+++ Given records +++

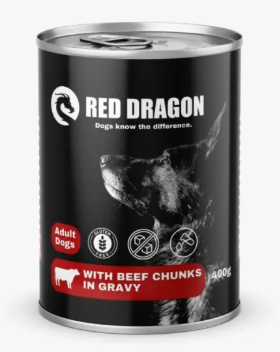 طعام Red Dragon الرطب للكلاب البالغة مع لحم البقر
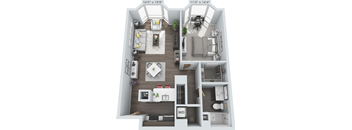 1 bed 1 bath E at Clayton on the Park Apartments, Clayton, Missouri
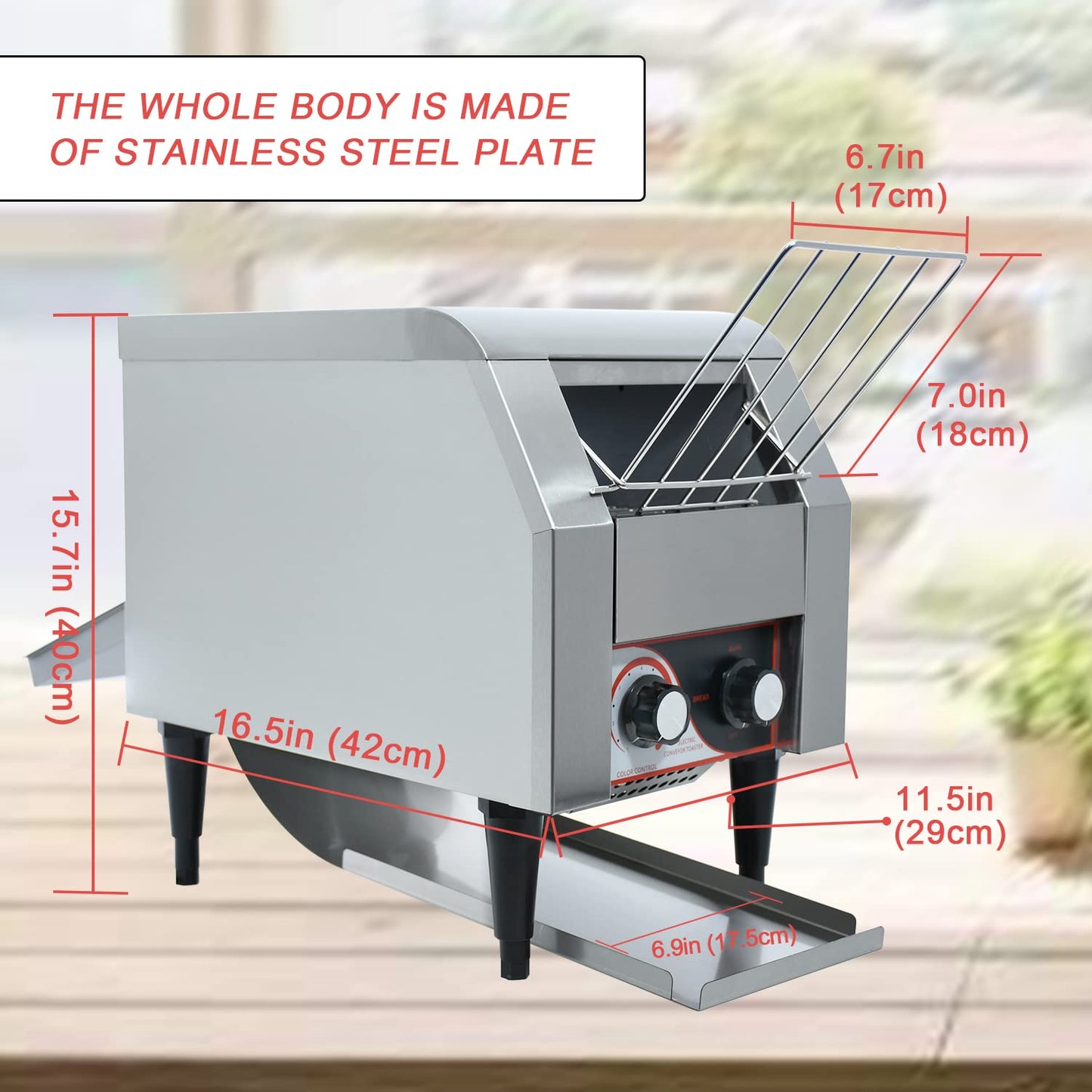 NJTFHU Commercial Toaster Conveyor 150slices/Hour,Stainless Steel Conveyor Toaster for Bun Bagel Bread Heavy Duty with 7 Speed Control/3 Toaster Mode Speed Control/3 Toaster Mode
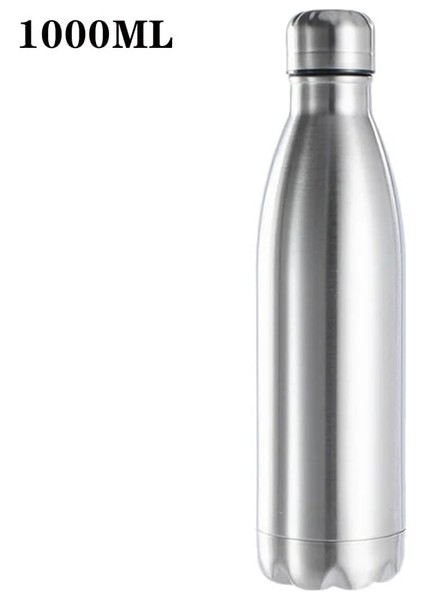1000 ml 500/750/1000 ml Taşınabilir Açık Su Şişesi Gıda Sınıfı Paslanmaz Çelik Tek Duvar Sızdırmaz Vakum Bardak Sıcak Soğuk Su Şişesi (Yurt Dışından)
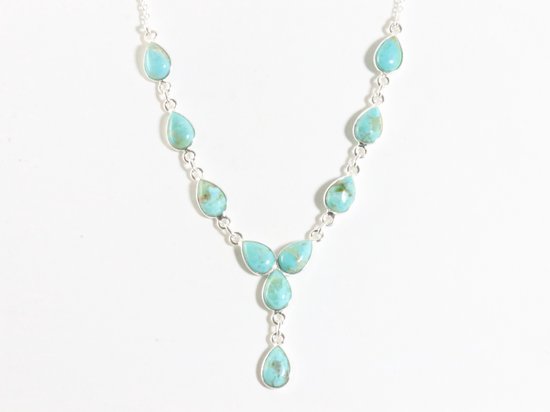 Zilveren ketting met Mohave turkoois afbeelding 1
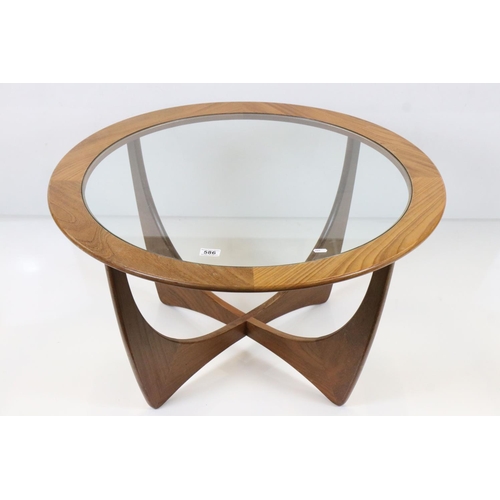 586 - Mid century Retro G-Plan Teak ' Astro ' Circular Coffee Table with glass inset top designed by Victo... 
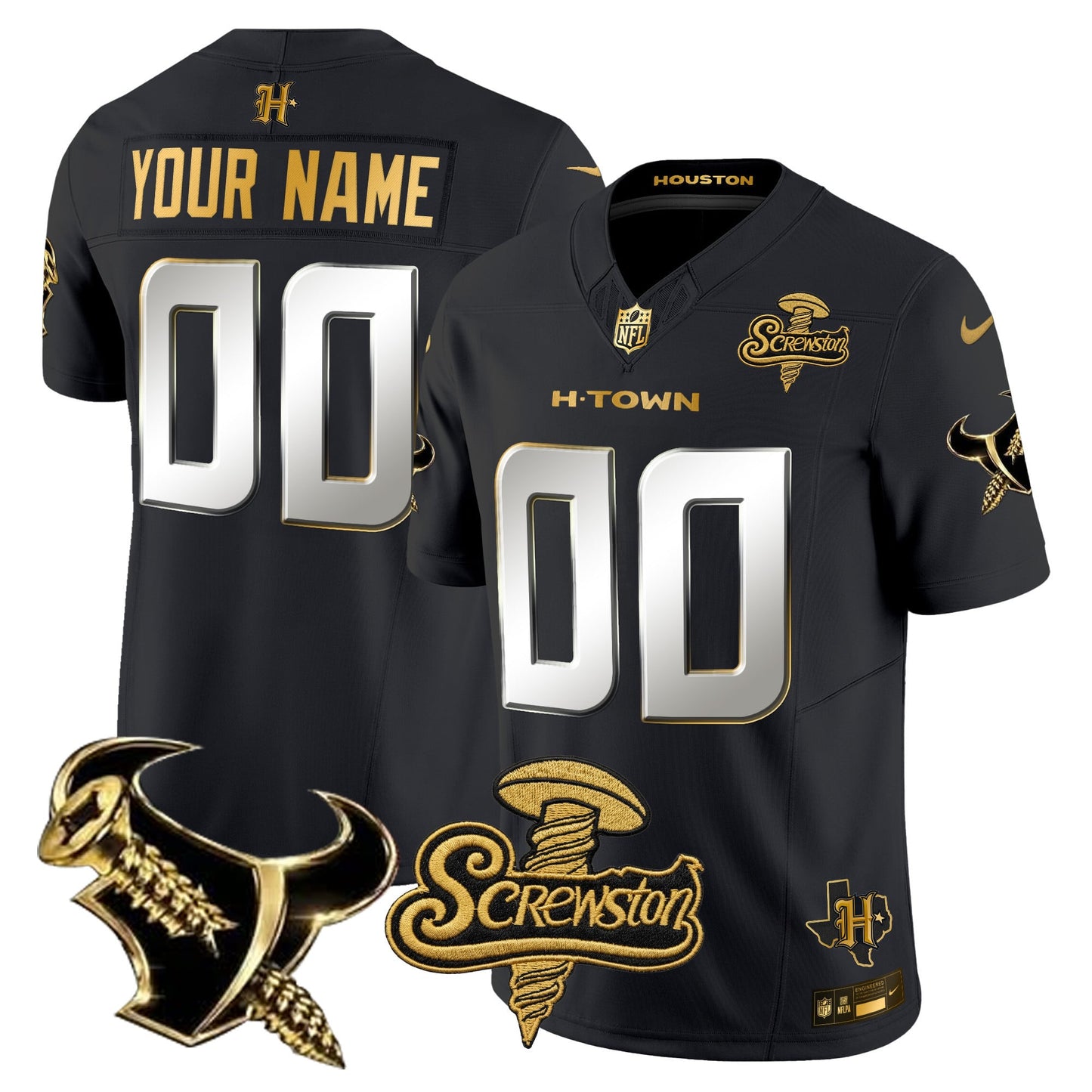 Houston Texans DJ Screw Gold Vapor Limited Custom Jersey - Stitched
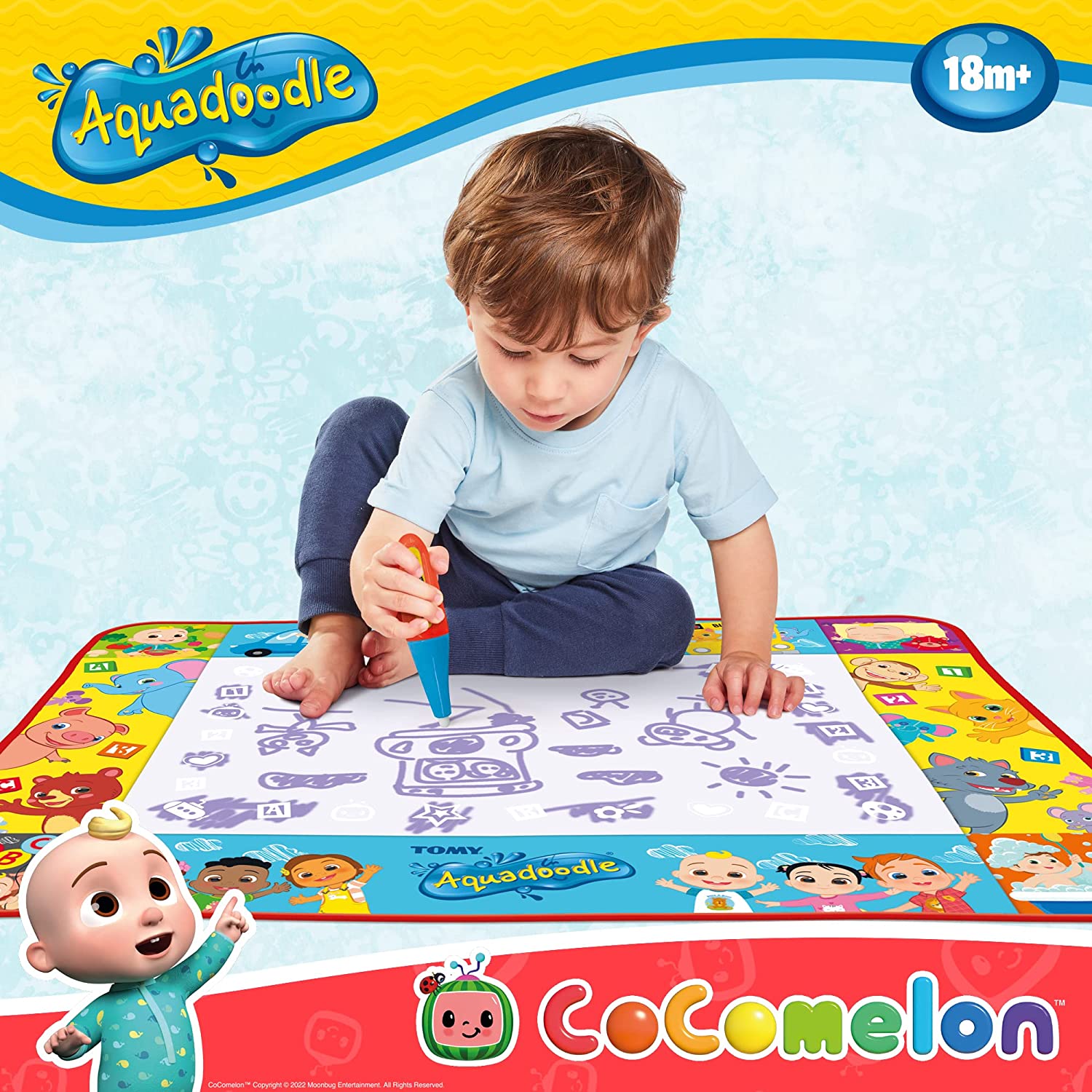 Aquadoodle Cocomelon Doodle Mat, Official Tomy No Mess Colouring & Drawing Game, Suitable for Boys & Girls Aged 18 Months Or Above, Multicolor (E73454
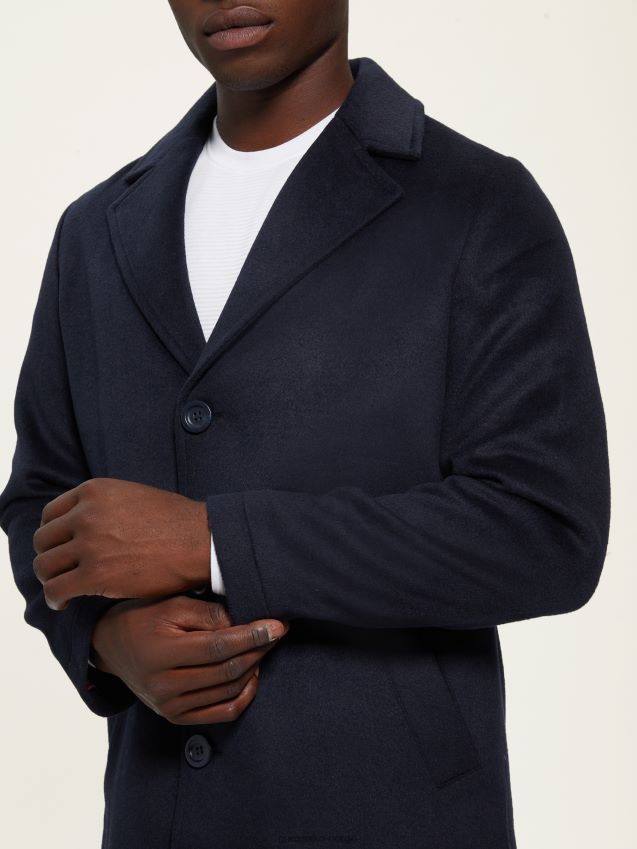 Guess bleu lgant dressy kåpe i ullblanding bleu lgant menn F0LJ8010801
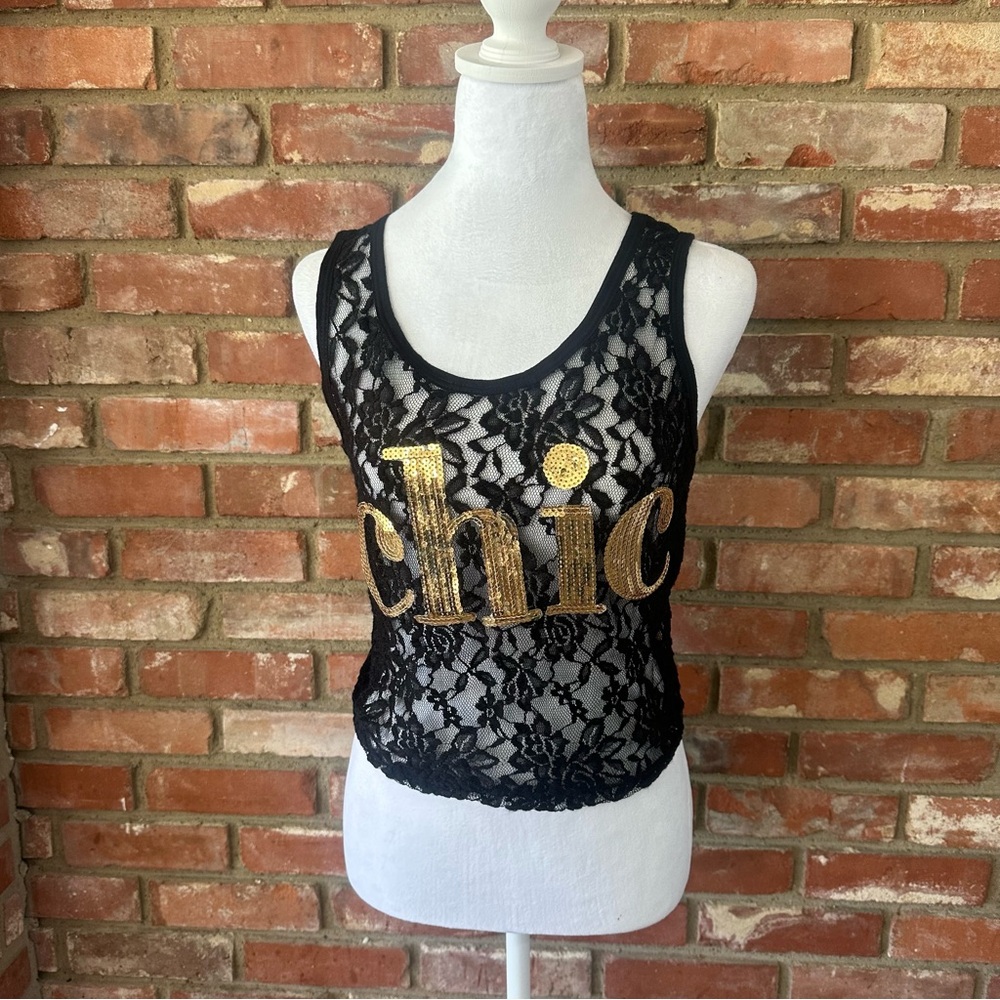 Blush Black Sequin Lace Crop Tank Top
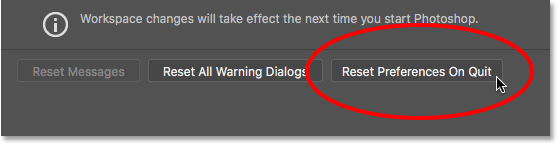 Selecting the new Reset Preferences On Quit option.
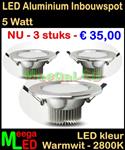 LED Aluminium Paneel inbouwspot 5 Watt Warmwit 5W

+++

Requirement:
In the listing above, find the line containing "1000 ml 500/750/1000" and the line containing "Zilveren ketting met", then write out both of them and every line between, exactly, with no pictures.

Result:
1000 ml 500/750/1000 ml Taşınabilir Açık Su Şişesi Gıda Sınıfı Paslanmaz Çelik Tek Duvar Sızdırmaz Vakum Bardak Sıcak Soğuk Su Şişesi (Yurt Dışından)
 Zilveren ketting met Mohave turkoois afbeelding 1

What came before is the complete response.